The Central Bank of Nigeria has cautioned that if the costs of materials keep increasing for important industries, prices for consumers may rise again.
This is because companies are finding it hard to keep prices as they are without charging customers more.
This caution comes from the June 2025 Purchasing Managers’ Index report released by the apex bank, which highlighted that input price indices across the composite economy including Industry, Services, and Agriculture outpaced their respective output price indices.
“The increase in the gap between higher input costs and output price tends to put pressure on business profit margins.
“Cost absorption by firms is likely to be unsustainable in the long term and may foreshadow future consumer price inflation,” the report noted.
Among all sectors, Agriculture recorded the widest input-output price gap at 9.8 index points in June, suggesting the highest level of cost absorption.
The Services sector experienced the smallest gap at 4.4 points, indicating relatively less margin pressure.

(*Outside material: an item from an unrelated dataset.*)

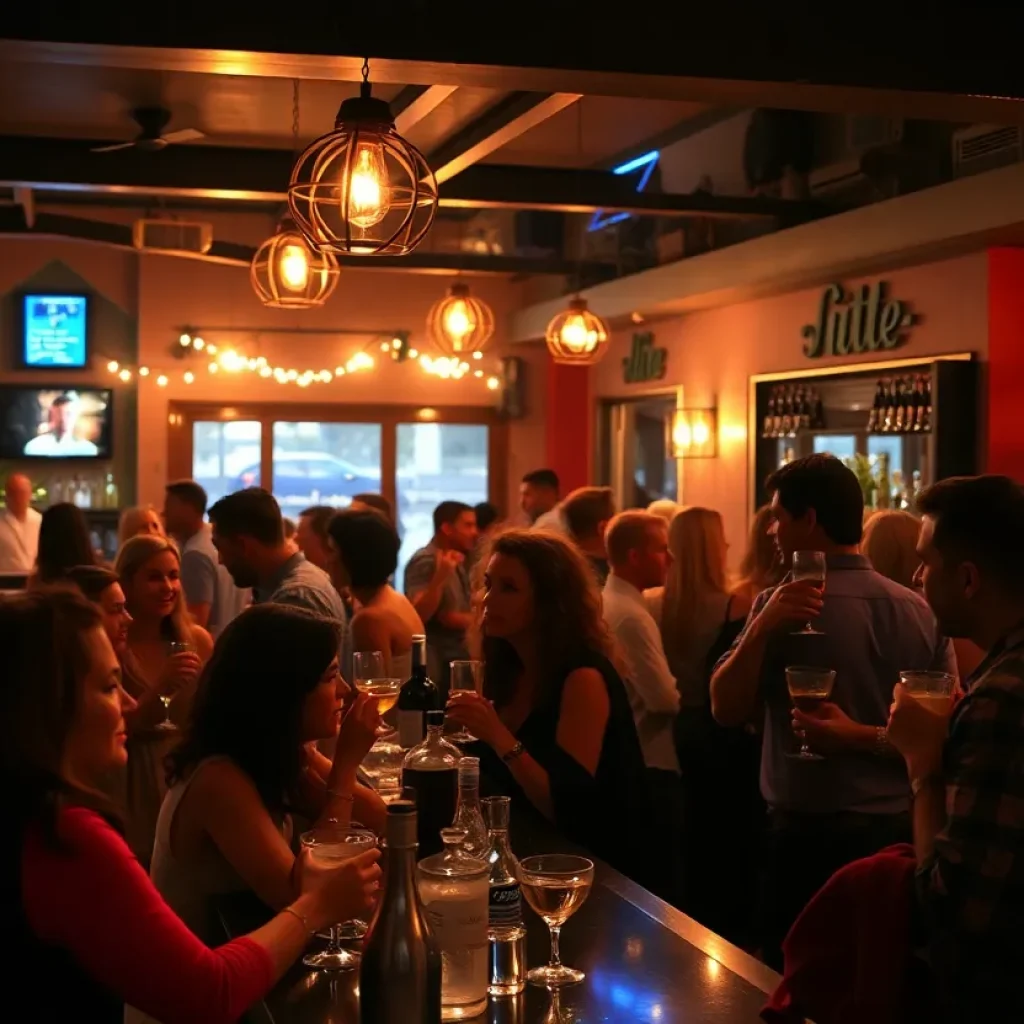 A vibrant bar scene in Hollywood Hills with patrons enjoying drinks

Despite inflation concerns, the study indicated continued economic growth in all sectors.
The composite PMI reached at 52.3 index points in June 2025, reflecting the sixth consecutive month of overall improvement.
Out of 36 subsectors surveyed nationwide, 25 reported expansion in business activity, underscoring broad-based economic momentum.

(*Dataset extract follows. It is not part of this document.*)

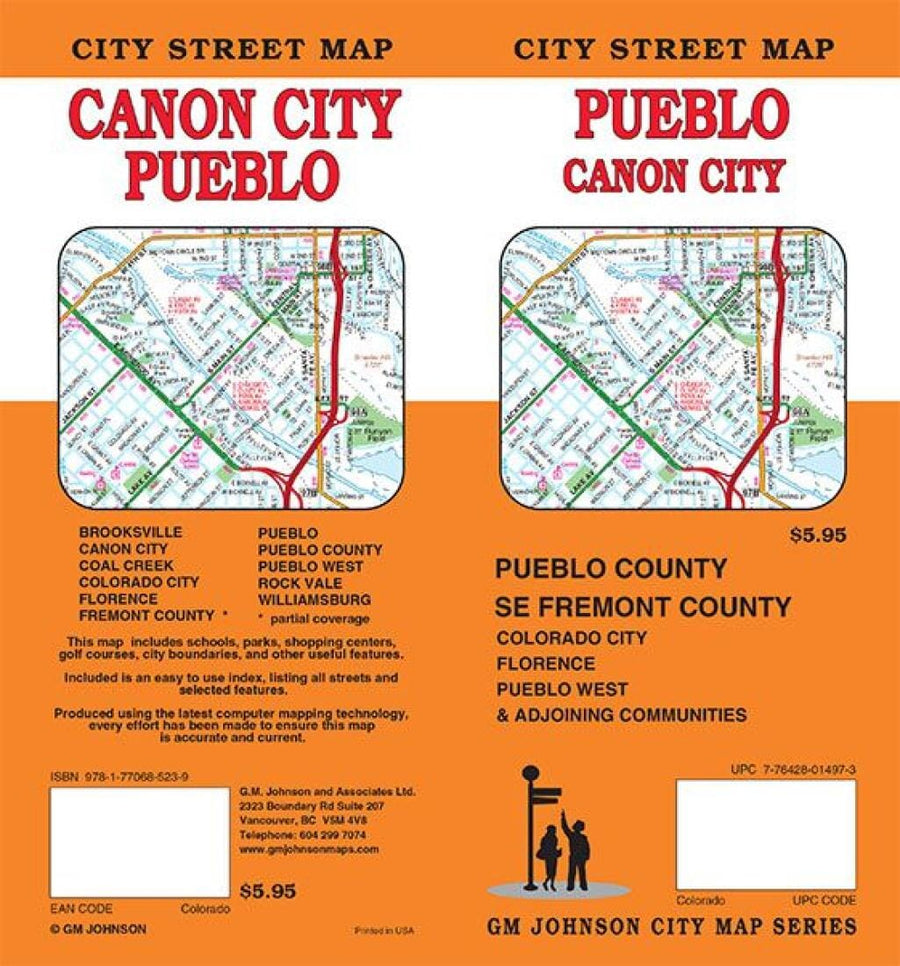 Pueblo : Canon City : city street map = Canon City : Pueblo : city street map | GM Johnson carte pliée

Increased production was the primary driver of the industry sector’s PMI of 51.4.
There was growth in nine of its seventeen subsectors.
With a PMI of 51.3, the services industry came in second, with 11 of the 14 subsectors growing.
Leading the charge was the Agriculture sector, which recorded a PMI of 55.2 the highest among the three.
This marks the sector’s eleventh straight month of growth, driven by higher farming activity across all five surveyed subsectors.
While the PMI figures reflect sustained recovery and growth, the CBN cautioned that the ongoing mismatch between rising input costs and output prices, if left unchecked, could lead to price hikes by firms, thereby worsening inflationary trends in the near term.